In university exam venues, the "invasion" of AI has quietly taken place. Research from the University of Reading in the UK reveals a surprising phenomenon: in actual university exams, 94% of AI-generated answers managed to escape the scrutiny of teachers without being detected. Even more astonishing is that these AI "classmates" significantly outperformed human students in 83.4% of cases. This seems to suggest that AI not only shows potential in replacing human jobs but is also beginning to surpass university students in cognitive tasks.

This study did not occur in a closed laboratory but in a real exam environment. The research team conducted a "Turing test" at the University of Reading's School of Psychology and Clinical Language Sciences, without informing the graders. The exam included short-answer and essay questions, with AI-generated content mixed in, accounting for about 5%. Researchers used standardized prompts to generate answers with GPT-4, without making any modifications to the content to ensure the "authenticity" of the AI.

image.png

The grading process followed the rigorous standards of the University of Reading, including preliminary grading, independent review, and calibration meetings of the grading team. However, even under such scrutiny, AI-submitted assignments remained difficult to detect. The results showed that AI-generated assignments went undetected in multiple modules and often scored in the high range.
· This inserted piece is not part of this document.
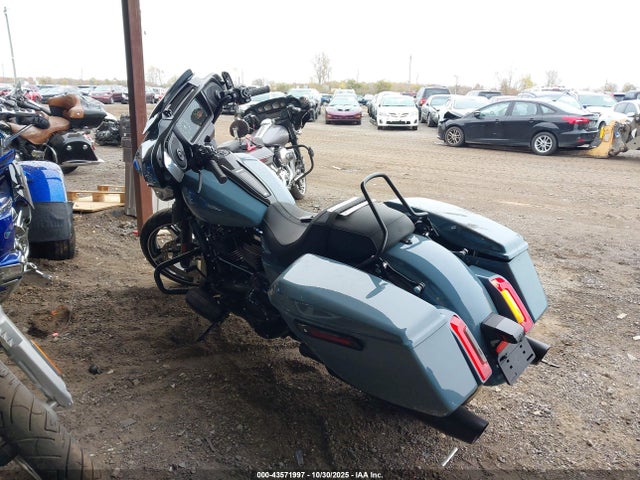 2024 HARLEY-DAVIDSON FLHX 1HD1KB71XRB603692 Photo 2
This finding has sparked profound reflections on academic integrity and educational objectives. If students can use AI to generate high-quality content that is hard to detect, how should we reform the education system to adapt to this emerging technology? Last year, a paper in the journal Nature also pointed out that AI has shown capabilities in information search, integration, and critical analysis when completing university coursework, aligning with the goals of university education.

The conclusions of this study are undoubtedly concerning. The capabilities of GPT-4 make it difficult to detect students cheating with AI, and there is a high likelihood they can achieve better grades. This not only challenges academic integrity but also prompts us to consider the future direction of education. Although some netizens jokingly questioned whether this study was also completed by AI, the authors solemnly declare that the research content was entirely conducted by humans.